Pertama, untuk aspek organisasi, Khairul berpendapat TNI AU harus mampu mengembangkan organisasi agar sesuai ragam ancaman dengan mempertimbangkan kondisi geopolitik-geostrategis, dan mampu menjawab tantangan dan mengantisipasi kendala. Kedua, aspek teknologi, yang berarti TNI AU membutuhkan alutsista udara yang bukan saja modern, tapi juga siap tempur, memiliki efek deteren yang memadai serta mampu beroperasi multimisi dan multi peran. Hal tersebut, tambah Khairul, perlu dimiliki pesawat tempur, pesawat angkut, kemampuan pertahanan pangkalan, alutsista anti-serangan udara, bahkan sistem radar TNI AU.
“Ketiga, yakni aspek kesiapan operasi. Ini meliputi upaya memelihara kesiapsiagaan tempur dan meningkatkan kecakapan SDM dalam pengembangan strategi operasi, serta penggunaan dan pemeliharaan alutsista. TNI AU perlu memastikan alutsista dalam keadaan terawat, terpelihara dan siap tempur, juga memastikan ketersediaan dukungan logistik,” tambahnya
Ditengah ancaman konflik global dan tekanan geopolitik, Khairul menegaskan bagi Indonesia, kekuatan udara nasional berperan penting menjaga kedaulatan NKRI di udara. Dengan keberadaan pesawat tempur andal, TNI AU akan disegani di kawasan. Maka dari itu, dalam konteks postur pertahanan udara Indonesia, belanja alpalhankam-alutsista harus dilihat sebagai bagian dari keseluruhan upaya meningkatkan kemampuan TNI AU.
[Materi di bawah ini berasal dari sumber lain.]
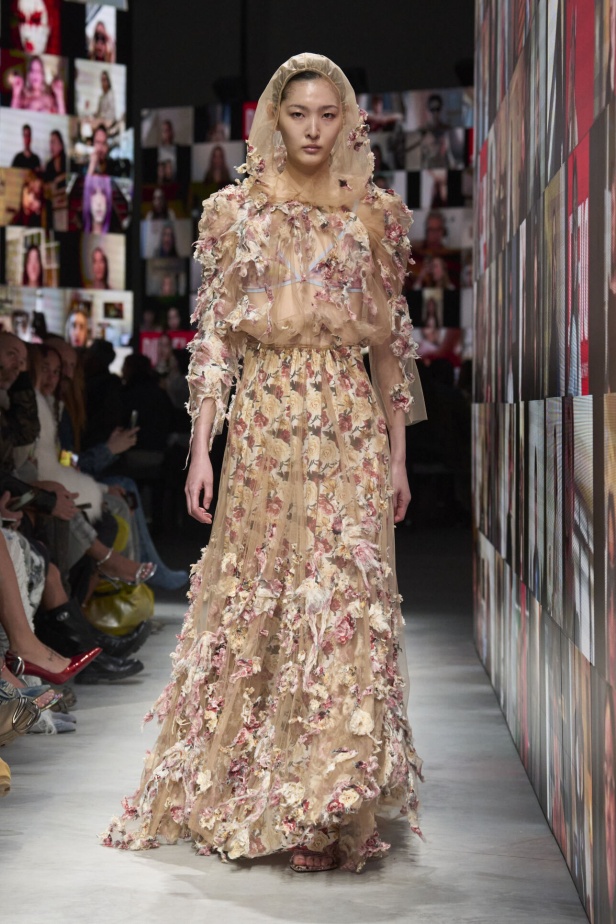 عرض أزياء مجموعة Diesel لموسم خريف وشتاء 2024 في ميلانو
"Karena itu harus selalu dipastikan bahwa usulan-usulan belanja TNI AU benar-benar berbasis kebutuhan bukan sekadar keinginan," ungkap Khairul
Khairul Fahmi, Pengamat Militer ISESS menjelaskan belanja itu juga harus merupakan bagian dari upaya membangun supremasi dan superioritas udara sebagai variabel penting untuk meningkatkan kewibawaan, bargaining position, dan mengamankan arah kepentingan nasional Indonesia agar tetap terjaga. Jadi walaupun kapasitas kekuatan udara saat ini masih kalah dari Australia dan Singapura, setidaknya upaya Indonesia untuk menjadi stabilisator kawasan akan berjalan di jalur yang tepat.
Mengenai kekuatan udara Indonesia, Khairul mengakui masih belum cukup memadai untuk menjaga ruang udara sepenuhnya. Apalagi untuk benar-benar menjadi kekuatan yang disegani dunia. Indikatornya, bisa diilihat dari capaian Minimum Essential Force (MEF) TNI AU yang masih paling bawah.
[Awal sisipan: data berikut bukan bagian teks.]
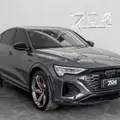AUDI SQ8 E-TRON ELÉTRICO SPORTBACK QUATTRO AUDI SQ8 E-TRON ELÉTRICO SPORTBACK QUATTRO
"TNI AU baru separuh capaian, baru mendekati 50 persen MEF. Itu artinya masih tertinggal dengan matra lain sehingga tentu saja perlu menjadi perhatian supaya peremajaan maupun pengembangan kekuatan ini tetap proporsional. Termasuk juga dalam hal pengembangan Komando Pasukan Gerak Cepat (Kopasgat) TNI AU sebagai kekuatan pemukul andalan matra udara," tambahnya
Ke depan, Khairul Fahmi berharap TNI AU juga harus terus memperkuat kemampuan interoperabilitas baik antar kesatuan di lingkungan TNI AU sendiri, maupun antarmatra. Ia menjelaskan interoperabilitas adalah kemampuan bertindak bersama secara koheren, efektif dan efisien untuk mencapai tujuan taktis, operasional dan strategis.
Secara khusus, interoperabilitas memungkinkan kekuatan, unit dan/atau sistem untuk beroperasi bersama, berkomunikasi dan berbagi kesamaan doktrin dan prosedur, serta infrastruktur dan basis masing-masing. Interoperabilitas akan mengurangi duplikasi, memungkinkan pengumpulan sumber daya dan menghasilkan sinergi.
"Jadi TNI AU harus memproyeksikan kebutuhan alpalhankam-alutsista dan kompetensi prajurit yang mampu menghadirkan efek gentar di udara sekaligus memberikan dukungan serangan darat maupun operasi-operasi maritim. Artinya, interoperabilitas TNI diharapkan juga akan meningkat dengan dukungan kehadiran peralatan persenjataan dan personel yang andal," pungkasnya.